On Saturday it was Paul Heaton and Jacqui Abbott who served up the goods. Heaton first came to prominence in the 80s with Hull’s self-proclaimed “fourth best band”, the Housemartins, before going on to making easy-listening pop with A-levels with the Beautiful South. This set included both music from recent Heaton and Abbott albums and from way back when.
Among tracks delighting those of us who loved the Housemartins’ bitter-sweet mix of bright pop songs and biting socially-aware lyrics, were Caravan of Love, I Can’t Quite Put My Finger On It, Five Get Over Excited, Happy Hour and the sublime Build (perhaps more relevant today than when it was penned).

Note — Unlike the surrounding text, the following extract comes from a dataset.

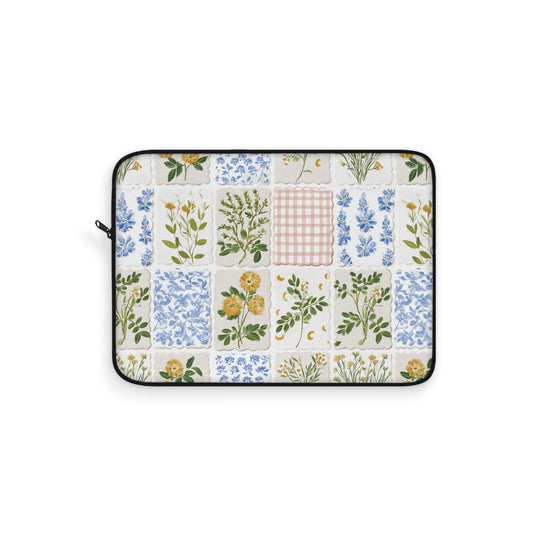 Floral patchwork laptop sleeve in blue, yellow and cream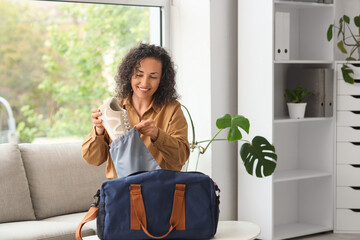 Mature businesswoman with sports bag sitting on sofa in office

Highlights from the Beautiful South’s catalogue included the opener, Old Red Eyes is Back and went on to include Rotterdam and You Keep It All In.
Although Heaton is the dominant presence on stage, this is very much a partnership. Abbott is a superb vocalist who really transforms such potentially coarse material as Don’t Marry Him ... into a rousing crie-de-coeur.
A fine evening, with Paul only marginally distracted by the TV showing the Italy v Germany match on the side of the stage and much enlivened by some giant balloons released into the mosh pit for the encore.
The following night saw a notably bigger audience was really up with it as Simply Red appeared. Mick Hucknall announced this as a celebration of 31 years of hits, and that was very much what it was, with little in the way of new material.
The Right Thing, If You Don’t Know Me By Now, It’s Only Love, Something Got Me Started, Stars, Fairground, Your Mirror, Night Nurse were among the highlights. The poignancy of Holding Back The Years (“a song I wrote in my bedroom when I was 17”, Mick told us) was well served by a stripped back acoustic start. The encore had to be Money To Tight To Mention.
The audience loved it (particularly Mick’s spot-on Barry White impersonation). The band were tight and Hucknall’s soaring voice remains a wonder. Transforming soul-lite into something magical.